自分の■を■ってしまえば、少しは楽になるかもしれないのに……、いっそのこと自分を■■にしてしまえば、これからも、ずっと一緒にいられるというのに、それでも彼女はは男の■を■わなかった。
――――嫌。
彼女は、男の提案を頑として受け入れなかった。
――――好きだから、■わない。
彼の■を■えば、彼女の衝動も、少しは弱めることもできるかもしれない。
……何より、彼自身がソレを望むのであれば、それをするのが妥当な選択であった。
しかし、■■の姫君は、かれの■を■いたくないし、彼を■■■にしたくなかった。
■■の姫君は、彼に、人間のままでいてほしかった。
……だから、彼女は彼の■を■わなかった。
――――……ッッ!!!
だから、男は、彼女の衝動を抑える方法を探し続けた。
……世界中を飛び回って、彼女の衝動を抑える方法を探し続けた。
その途中で弱っている彼女討たんとするものは構わず殺していった。
■■狩りを目標とする■■、弱っている彼女を好機と見て隙を付かんとする■■■たち……彼女に、火を浴びそうとする者は道中で片っ端から殺していった。

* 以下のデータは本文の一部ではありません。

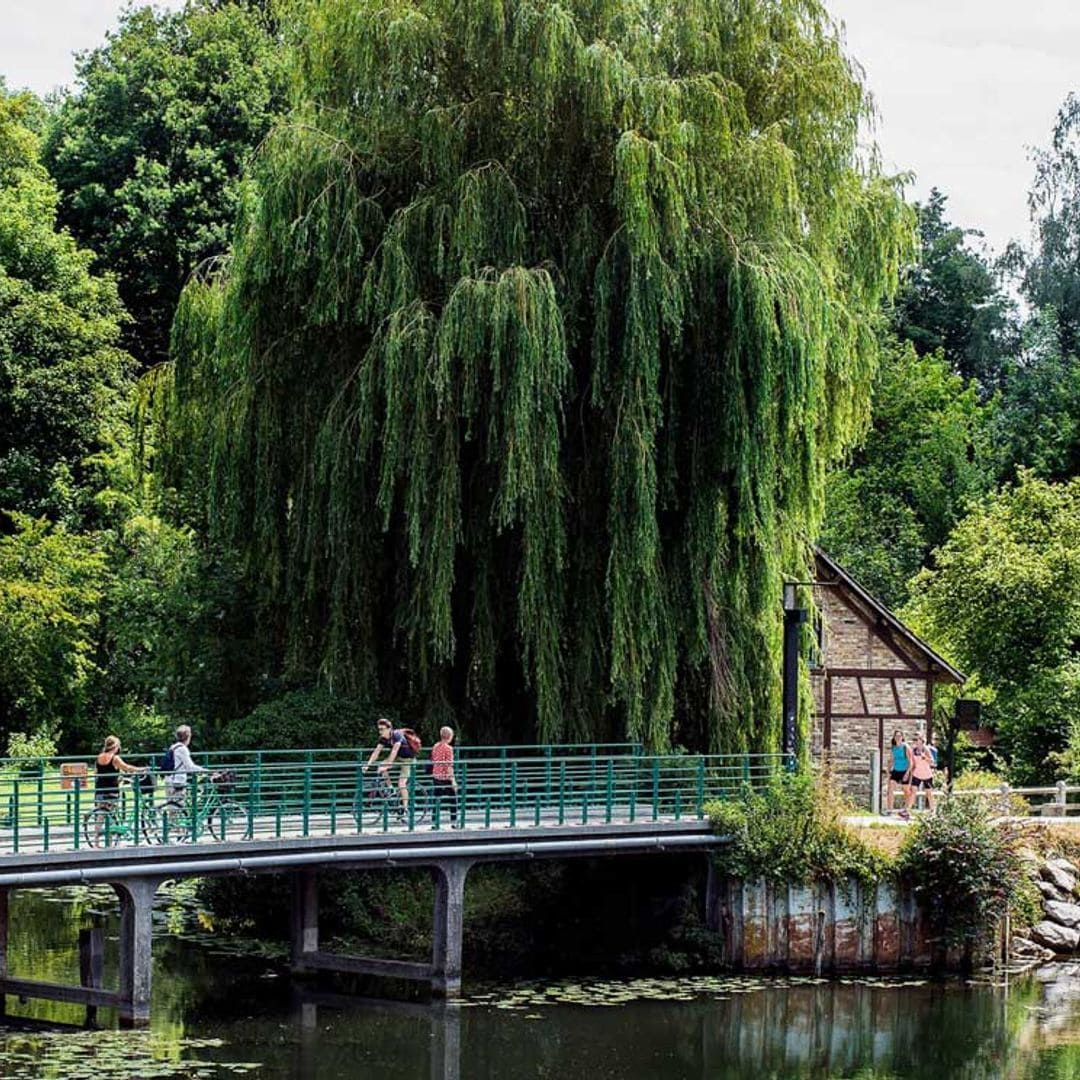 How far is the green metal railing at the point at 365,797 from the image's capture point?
28.1m

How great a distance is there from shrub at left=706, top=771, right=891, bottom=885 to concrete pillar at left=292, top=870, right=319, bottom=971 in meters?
5.66

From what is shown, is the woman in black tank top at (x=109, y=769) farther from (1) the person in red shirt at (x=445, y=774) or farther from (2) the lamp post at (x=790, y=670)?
(2) the lamp post at (x=790, y=670)

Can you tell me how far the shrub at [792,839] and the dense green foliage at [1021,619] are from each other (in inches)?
630

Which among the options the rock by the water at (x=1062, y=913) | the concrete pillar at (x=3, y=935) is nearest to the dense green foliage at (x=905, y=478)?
the rock by the water at (x=1062, y=913)

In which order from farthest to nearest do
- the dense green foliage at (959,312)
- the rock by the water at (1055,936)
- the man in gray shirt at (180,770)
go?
the dense green foliage at (959,312), the rock by the water at (1055,936), the man in gray shirt at (180,770)

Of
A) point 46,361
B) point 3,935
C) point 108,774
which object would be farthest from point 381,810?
point 46,361

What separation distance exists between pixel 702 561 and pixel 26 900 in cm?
1364

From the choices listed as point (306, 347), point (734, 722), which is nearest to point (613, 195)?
point (306, 347)

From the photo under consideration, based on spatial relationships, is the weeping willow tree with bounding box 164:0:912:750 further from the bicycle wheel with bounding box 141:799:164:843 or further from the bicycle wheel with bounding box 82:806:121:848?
the bicycle wheel with bounding box 82:806:121:848

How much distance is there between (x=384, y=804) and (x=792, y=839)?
5.97m

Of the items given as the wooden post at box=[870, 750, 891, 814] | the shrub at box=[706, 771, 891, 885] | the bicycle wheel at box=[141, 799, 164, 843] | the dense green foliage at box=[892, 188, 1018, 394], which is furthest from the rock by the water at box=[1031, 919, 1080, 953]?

……彼女の笑顔とともに生きる――――そんな日常を取り戻す為に、男はただ衝動を抑える方法を探した。
時には、魔術師にも協力を仰いだ。
時には、利害が一致した■■たちや、■■■とも手を組んだ。
■■林に飛び込んでは、■■の実と呼ばれるものを取り、彼女に食べさせたが、その不死の実も……彼女の衝動を抑えるには一時的な薬でしかなかった。
そして、衝動と、衝動に抗う彼女の魂がぶつかり合い、やがて彼女の魂そのものが壊れそうになった。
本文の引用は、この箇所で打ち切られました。